## ***Machine learning*** 

Science and art of giving computers the ability to learn to make decisions from data without being explicitly programmed.

### 1. When there are labels present, we call it ***supervised learning***. 
    
The aim of supervised learning is to build a model that is able to predict the target variable. 

> feature = predictor variable = independent variable

> target variable = dependent variable = response variable
            
* If the target variable consists of categories, *like 'click' or 'no click', 'spam' or 'not spam', or different species of flowers*, we call the learning ***task classification***. 

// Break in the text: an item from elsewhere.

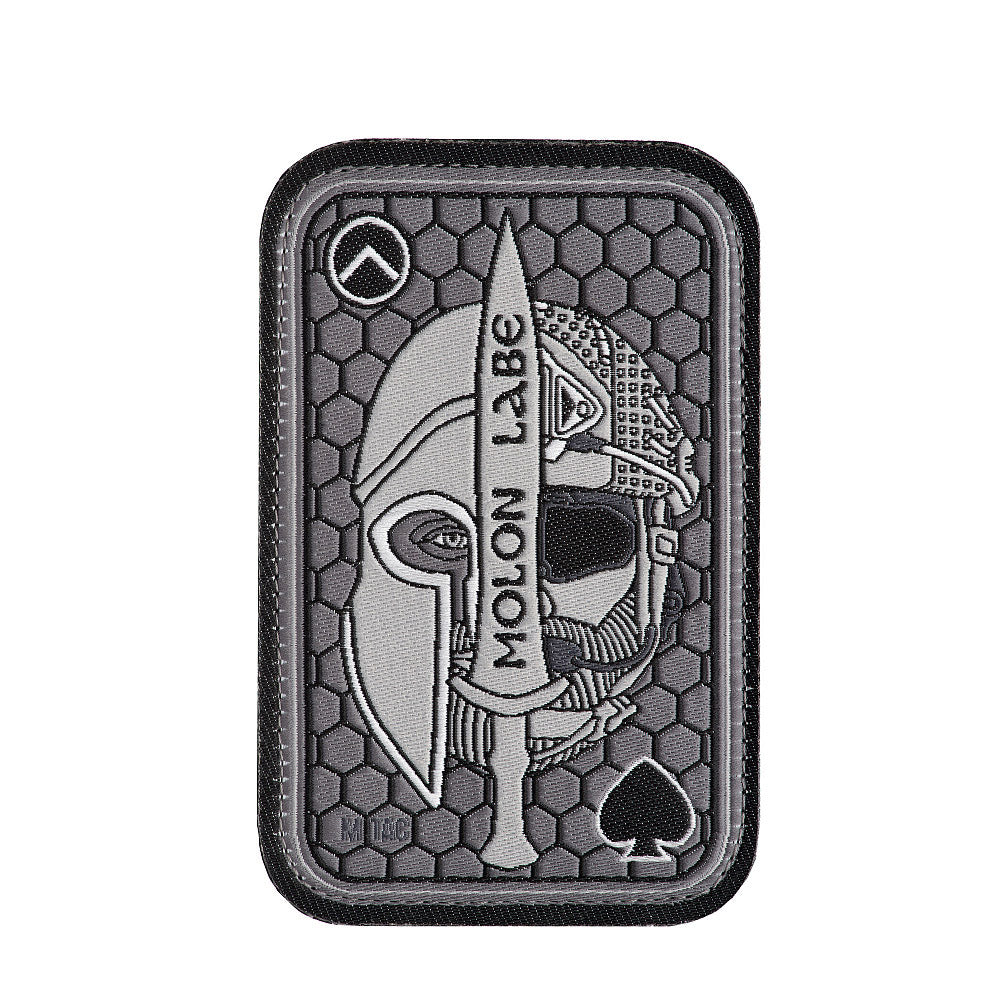 M-Tac patch Molon Labe Ace (jacquard)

> The goal is to correctly label budget line items by training a model to predict the probability of each possible label by relying on some correctly labeled examples, and taking the most probable label as the correct label.
            
* If the target is a continuously varying variable, *for example, the price of a house*, it is a ***regression task***.

You need labeled data, how to get it?
1. historical data, which already has labels that you are interested in
2. perform experiments to get labeled data, such as A/B-testing to see how many clicks you get
3. crowdsourced labeling data which, like reCAPTCHA does for text recognition

Libraries in python:
* scikit-learn/sklearn
* TensorFlow
* keras

### 2. When there are no labels present, we call it ***unsupervised learning***.
    
It consists in uncovering hidden patterns and structures from unlabeled data.
            
* ***clustering*** is one branch of unsupervised learning:  group data into distinct categories based on their features without knowing in advance what these categories may be.

### 3. When machines or software agents interact with an environment, it is ***reinforcement learning***. 
    
Reinforcement agents are able to automatically figure out how to optimize their behavior given a system of rewards and punishments. It draws inspiration from behavioral psychology.
            
* ***Deep learning***

## Useful imports in scikit-learn:

#### process

* `from sklearn.pipeline import Pipeline`

#### datasets and data prep:

* `from sklearn import datasets`

* `from sklearn.model_selection import train_test_split`

* `from sklearn.preprocessing import Imputer`

* `from sklearn.preprocessing import scale` # the performance of a model can improve greatly if the features are scaled

* `from sklearn.preprocessing import StandardScaler`

#### Hyperparameter tuning 

It should be performed on the training set.

* `from sklearn.model_selection import GridSearchCV`

* `from sklearn.model_selection import RandomizedSearchCV `

#### models:

##### classification

* `from sklearn.neighbors import KNeighborsClassifier` 

* `from sklearn.linear_model import LogisticRegression`

* `from sklearn.tree import DecisionTreeClassifier`

* `from sklearn.svm import SVC`

##### regression

* `from sklearn.linear_model import LinearRegression`

* `from sklearn.linear_model import Lasso`

* `from sklearn.linear_model import Ridge`

* `from sklearn.linear_model import ElasticNet`

#### metrics

Evaluation should be done on unseen data, the hold-out set.

* `from sklearn.metrics import classification_report, confusion_matrix`

* `from sklearn.metrics import roc_curve`

* `from sklearn.metrics import roc_auc_score`  

* `from sklearn.model_selection import cross_val_score` 

* `from sklearn.metrics import mean_squared_error`